• **Task to complete**: Please filter the entries and return only the lines that include "Crown".

###

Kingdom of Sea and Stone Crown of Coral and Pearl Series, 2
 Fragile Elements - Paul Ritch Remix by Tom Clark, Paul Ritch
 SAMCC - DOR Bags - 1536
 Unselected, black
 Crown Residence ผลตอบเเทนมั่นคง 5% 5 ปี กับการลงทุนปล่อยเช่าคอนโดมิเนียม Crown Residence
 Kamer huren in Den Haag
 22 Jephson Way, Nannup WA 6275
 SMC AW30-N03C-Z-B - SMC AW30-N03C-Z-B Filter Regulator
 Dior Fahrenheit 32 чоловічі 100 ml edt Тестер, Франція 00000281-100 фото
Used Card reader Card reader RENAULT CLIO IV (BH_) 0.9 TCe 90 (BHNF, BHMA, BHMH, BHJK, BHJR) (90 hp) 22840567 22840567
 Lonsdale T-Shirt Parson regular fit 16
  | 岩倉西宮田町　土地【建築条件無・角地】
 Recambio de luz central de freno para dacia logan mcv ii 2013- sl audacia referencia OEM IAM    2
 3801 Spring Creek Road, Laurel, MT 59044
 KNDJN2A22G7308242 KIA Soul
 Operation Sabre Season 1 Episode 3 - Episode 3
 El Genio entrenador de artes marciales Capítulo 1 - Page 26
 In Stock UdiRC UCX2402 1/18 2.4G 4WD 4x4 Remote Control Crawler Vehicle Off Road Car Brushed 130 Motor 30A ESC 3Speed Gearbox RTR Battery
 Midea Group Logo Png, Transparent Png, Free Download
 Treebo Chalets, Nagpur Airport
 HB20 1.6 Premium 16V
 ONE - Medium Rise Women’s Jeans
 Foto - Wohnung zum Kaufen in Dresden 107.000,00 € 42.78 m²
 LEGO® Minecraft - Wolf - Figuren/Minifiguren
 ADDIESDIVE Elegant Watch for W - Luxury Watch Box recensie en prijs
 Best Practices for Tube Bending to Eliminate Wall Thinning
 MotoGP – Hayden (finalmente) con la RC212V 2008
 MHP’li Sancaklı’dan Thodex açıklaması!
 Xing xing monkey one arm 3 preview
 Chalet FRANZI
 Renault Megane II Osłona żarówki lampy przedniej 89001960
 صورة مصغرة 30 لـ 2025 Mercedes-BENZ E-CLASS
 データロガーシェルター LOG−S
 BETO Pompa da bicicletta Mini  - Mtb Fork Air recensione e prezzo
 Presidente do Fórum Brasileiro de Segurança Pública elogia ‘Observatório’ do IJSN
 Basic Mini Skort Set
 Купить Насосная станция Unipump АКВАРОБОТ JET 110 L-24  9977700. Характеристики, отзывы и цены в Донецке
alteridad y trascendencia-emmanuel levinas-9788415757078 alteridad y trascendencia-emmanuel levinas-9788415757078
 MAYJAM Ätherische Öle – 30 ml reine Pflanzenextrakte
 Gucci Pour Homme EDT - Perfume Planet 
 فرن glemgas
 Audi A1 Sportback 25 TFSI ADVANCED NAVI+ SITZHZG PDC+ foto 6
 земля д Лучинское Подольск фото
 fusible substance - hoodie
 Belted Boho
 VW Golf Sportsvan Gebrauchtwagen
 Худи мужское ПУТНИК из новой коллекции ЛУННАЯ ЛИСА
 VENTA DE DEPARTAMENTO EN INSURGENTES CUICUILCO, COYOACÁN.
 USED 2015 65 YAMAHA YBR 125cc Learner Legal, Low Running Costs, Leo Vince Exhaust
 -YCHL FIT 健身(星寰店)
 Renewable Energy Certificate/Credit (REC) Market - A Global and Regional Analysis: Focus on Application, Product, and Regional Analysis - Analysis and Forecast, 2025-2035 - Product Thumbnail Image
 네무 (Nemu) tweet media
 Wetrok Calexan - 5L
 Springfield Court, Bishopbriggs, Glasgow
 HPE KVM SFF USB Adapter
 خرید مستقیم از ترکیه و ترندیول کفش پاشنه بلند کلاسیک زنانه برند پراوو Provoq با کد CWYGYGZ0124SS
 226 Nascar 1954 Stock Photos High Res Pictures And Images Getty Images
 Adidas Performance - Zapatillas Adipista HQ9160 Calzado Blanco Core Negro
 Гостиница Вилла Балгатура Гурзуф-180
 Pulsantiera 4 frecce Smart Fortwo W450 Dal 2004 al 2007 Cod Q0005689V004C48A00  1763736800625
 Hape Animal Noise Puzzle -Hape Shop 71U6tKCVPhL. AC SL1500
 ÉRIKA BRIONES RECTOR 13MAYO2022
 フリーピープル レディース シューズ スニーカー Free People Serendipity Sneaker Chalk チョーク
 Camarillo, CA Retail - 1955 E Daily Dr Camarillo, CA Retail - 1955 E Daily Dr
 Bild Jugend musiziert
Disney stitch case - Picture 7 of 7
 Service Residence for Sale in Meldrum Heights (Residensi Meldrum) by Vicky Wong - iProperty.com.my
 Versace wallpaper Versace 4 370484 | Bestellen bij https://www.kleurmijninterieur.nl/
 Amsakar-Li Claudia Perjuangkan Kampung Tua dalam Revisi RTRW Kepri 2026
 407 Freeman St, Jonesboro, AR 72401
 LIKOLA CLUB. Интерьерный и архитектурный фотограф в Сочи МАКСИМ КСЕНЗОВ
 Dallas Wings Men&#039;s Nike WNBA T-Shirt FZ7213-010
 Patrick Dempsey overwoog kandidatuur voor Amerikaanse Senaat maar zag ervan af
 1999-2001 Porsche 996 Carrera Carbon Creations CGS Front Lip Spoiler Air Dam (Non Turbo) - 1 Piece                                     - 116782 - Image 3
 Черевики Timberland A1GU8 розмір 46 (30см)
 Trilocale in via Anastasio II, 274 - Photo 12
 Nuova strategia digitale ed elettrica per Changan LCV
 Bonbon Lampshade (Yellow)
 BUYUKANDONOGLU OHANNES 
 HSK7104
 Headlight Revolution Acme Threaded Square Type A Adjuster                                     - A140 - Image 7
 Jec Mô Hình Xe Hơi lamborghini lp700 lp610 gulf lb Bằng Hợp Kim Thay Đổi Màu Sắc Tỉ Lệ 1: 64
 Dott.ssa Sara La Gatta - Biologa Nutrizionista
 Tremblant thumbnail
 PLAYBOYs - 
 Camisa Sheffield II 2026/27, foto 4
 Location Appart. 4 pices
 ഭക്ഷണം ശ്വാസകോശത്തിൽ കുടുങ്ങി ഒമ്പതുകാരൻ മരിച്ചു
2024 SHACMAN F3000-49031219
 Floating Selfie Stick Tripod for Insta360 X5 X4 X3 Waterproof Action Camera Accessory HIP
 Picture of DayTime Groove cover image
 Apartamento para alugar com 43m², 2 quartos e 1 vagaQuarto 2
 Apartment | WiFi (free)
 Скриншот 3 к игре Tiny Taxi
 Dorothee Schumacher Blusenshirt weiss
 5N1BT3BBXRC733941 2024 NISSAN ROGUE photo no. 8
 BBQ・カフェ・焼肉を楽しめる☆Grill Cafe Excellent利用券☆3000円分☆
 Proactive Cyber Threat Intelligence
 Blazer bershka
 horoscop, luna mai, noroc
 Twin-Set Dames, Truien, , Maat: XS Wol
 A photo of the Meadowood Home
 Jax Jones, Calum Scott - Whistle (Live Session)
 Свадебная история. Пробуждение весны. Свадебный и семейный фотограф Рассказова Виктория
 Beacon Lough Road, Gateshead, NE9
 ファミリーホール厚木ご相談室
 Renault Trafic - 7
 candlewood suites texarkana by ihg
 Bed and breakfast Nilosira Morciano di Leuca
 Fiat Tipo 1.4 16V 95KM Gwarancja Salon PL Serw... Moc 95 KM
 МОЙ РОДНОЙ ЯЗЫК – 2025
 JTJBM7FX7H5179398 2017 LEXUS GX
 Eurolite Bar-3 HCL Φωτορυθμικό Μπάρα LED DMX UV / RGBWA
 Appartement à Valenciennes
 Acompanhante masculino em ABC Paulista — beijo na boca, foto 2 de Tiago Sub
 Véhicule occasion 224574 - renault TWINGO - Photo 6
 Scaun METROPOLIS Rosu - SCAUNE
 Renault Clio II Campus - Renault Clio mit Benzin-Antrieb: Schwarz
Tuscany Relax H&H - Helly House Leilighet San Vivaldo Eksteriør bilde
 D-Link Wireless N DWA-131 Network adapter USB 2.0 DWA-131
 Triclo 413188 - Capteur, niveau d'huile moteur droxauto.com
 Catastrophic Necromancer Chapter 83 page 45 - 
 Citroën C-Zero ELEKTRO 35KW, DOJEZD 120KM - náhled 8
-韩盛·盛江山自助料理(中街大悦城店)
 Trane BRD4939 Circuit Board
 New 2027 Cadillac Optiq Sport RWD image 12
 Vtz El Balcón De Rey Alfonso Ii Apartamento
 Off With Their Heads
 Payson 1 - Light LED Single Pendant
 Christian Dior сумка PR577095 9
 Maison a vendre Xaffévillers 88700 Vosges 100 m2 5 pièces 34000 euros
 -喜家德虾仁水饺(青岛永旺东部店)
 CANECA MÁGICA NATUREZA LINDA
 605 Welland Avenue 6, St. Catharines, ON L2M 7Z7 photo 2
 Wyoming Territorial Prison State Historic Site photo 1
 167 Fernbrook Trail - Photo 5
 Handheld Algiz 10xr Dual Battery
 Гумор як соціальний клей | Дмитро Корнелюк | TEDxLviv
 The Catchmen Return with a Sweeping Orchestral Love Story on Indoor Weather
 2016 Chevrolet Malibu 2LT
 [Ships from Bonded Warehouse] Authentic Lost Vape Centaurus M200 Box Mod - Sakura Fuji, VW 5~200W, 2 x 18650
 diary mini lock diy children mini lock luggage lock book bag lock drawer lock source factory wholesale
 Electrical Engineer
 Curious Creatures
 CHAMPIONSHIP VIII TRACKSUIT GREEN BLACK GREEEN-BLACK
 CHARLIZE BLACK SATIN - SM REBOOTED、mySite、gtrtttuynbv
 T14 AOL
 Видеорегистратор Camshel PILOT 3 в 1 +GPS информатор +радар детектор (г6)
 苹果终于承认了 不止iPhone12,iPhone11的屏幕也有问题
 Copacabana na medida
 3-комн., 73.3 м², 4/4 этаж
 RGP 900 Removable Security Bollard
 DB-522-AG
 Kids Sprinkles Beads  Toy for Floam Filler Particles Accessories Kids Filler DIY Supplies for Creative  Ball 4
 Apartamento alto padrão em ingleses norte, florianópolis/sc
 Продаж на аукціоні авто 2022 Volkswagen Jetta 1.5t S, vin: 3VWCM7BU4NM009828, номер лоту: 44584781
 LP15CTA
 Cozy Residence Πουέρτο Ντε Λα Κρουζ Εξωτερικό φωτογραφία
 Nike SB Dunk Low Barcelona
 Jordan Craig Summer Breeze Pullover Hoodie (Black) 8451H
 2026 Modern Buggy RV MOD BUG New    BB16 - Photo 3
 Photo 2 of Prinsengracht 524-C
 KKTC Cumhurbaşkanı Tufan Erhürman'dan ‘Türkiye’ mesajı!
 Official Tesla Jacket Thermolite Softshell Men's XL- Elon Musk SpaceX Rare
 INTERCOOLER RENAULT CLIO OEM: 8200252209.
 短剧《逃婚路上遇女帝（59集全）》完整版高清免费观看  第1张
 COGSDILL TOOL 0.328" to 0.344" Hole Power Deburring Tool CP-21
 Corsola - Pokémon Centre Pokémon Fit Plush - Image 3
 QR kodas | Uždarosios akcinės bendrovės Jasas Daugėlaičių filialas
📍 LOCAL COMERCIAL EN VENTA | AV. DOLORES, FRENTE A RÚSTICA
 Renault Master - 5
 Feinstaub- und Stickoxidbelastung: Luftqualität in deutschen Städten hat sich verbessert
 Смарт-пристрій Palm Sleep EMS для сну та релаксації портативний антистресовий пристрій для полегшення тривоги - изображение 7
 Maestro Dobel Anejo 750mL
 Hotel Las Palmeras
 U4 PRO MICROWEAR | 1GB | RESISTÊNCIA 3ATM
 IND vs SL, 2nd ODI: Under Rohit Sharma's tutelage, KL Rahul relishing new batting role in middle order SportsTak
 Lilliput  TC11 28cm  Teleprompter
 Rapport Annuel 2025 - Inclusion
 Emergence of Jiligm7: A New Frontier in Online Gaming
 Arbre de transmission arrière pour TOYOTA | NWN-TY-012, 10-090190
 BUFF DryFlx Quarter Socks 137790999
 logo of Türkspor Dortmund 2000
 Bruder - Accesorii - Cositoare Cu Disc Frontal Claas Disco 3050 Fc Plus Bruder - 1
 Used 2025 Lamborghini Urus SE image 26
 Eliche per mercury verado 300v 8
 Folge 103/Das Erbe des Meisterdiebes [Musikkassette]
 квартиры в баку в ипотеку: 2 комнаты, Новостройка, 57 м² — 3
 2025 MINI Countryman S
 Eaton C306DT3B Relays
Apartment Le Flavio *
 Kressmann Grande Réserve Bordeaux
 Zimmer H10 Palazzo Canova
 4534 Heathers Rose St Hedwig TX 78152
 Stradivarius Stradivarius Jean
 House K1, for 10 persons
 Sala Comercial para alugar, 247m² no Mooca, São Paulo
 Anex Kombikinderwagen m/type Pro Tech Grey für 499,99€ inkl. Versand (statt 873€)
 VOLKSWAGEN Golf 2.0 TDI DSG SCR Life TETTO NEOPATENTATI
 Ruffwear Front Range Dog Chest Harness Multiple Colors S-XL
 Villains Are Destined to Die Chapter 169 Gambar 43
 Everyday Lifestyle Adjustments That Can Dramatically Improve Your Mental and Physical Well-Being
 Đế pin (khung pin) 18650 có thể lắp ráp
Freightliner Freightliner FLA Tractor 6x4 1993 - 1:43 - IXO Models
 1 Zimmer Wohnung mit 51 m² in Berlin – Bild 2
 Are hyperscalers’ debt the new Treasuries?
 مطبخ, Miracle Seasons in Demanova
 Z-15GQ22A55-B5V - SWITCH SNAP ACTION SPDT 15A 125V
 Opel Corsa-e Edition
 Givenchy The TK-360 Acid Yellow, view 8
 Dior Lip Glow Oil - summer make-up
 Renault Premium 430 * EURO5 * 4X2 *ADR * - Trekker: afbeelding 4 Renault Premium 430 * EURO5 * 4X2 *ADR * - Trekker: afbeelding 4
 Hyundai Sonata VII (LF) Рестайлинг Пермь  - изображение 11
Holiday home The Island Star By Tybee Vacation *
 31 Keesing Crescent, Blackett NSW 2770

###

• **Reply to the exercise**:
Kingdom of Sea and Stone Crown of Coral and Pearl Series, 2
 Crown Residence ผลตอบเเทนมั่นคง 5% 5 ปี กับการลงทุนปล่อยเช่าคอนโดมิเนียม Crown Residence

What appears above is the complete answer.